### Goal of the exercise
Repeat the listing exactly. Do not carry over any pictures.

### Given data
§ §
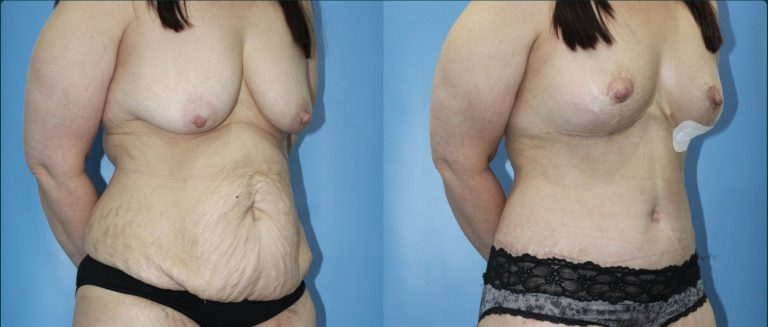 Post-pregnancy surgery before and after, female patient, case PPS-L12, Dr Rohit Kumar, Sydney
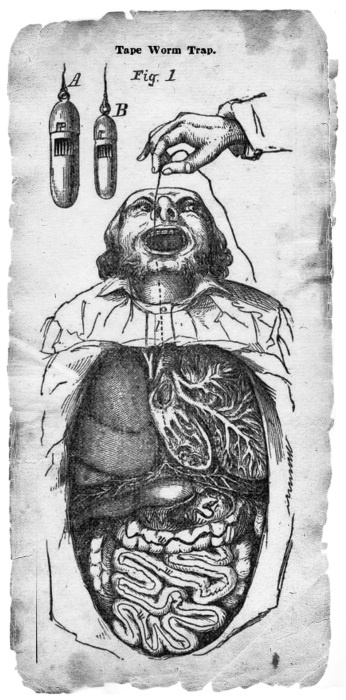 Иллюстрация к книге — Безумная медицина. Странные заболевания и не менее странные методы лечения в истории медицины [i_039.jpg]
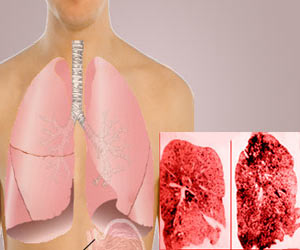 Pneumoconiosis - Definition - Symptoms - Causes - Prevention - Treatment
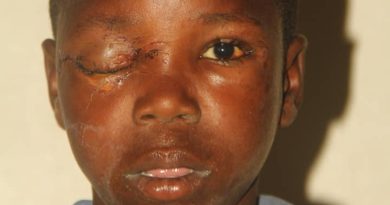 Almajiri boy whose eye was plucked in Bauchi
§ §
### Answer to the exercise
 Post-pregnancy surgery before and after, female patient, case PPS-L12, Dr Rohit Kumar, Sydney
 Иллюстрация к книге — Безумная медицина. Странные заболевания и не менее странные методы лечения в истории медицины [i_039.jpg]
 Pneumoconiosis - Definition - Symptoms - Causes - Prevention - Treatment
 Almajiri boy whose eye was plucked in Bauchi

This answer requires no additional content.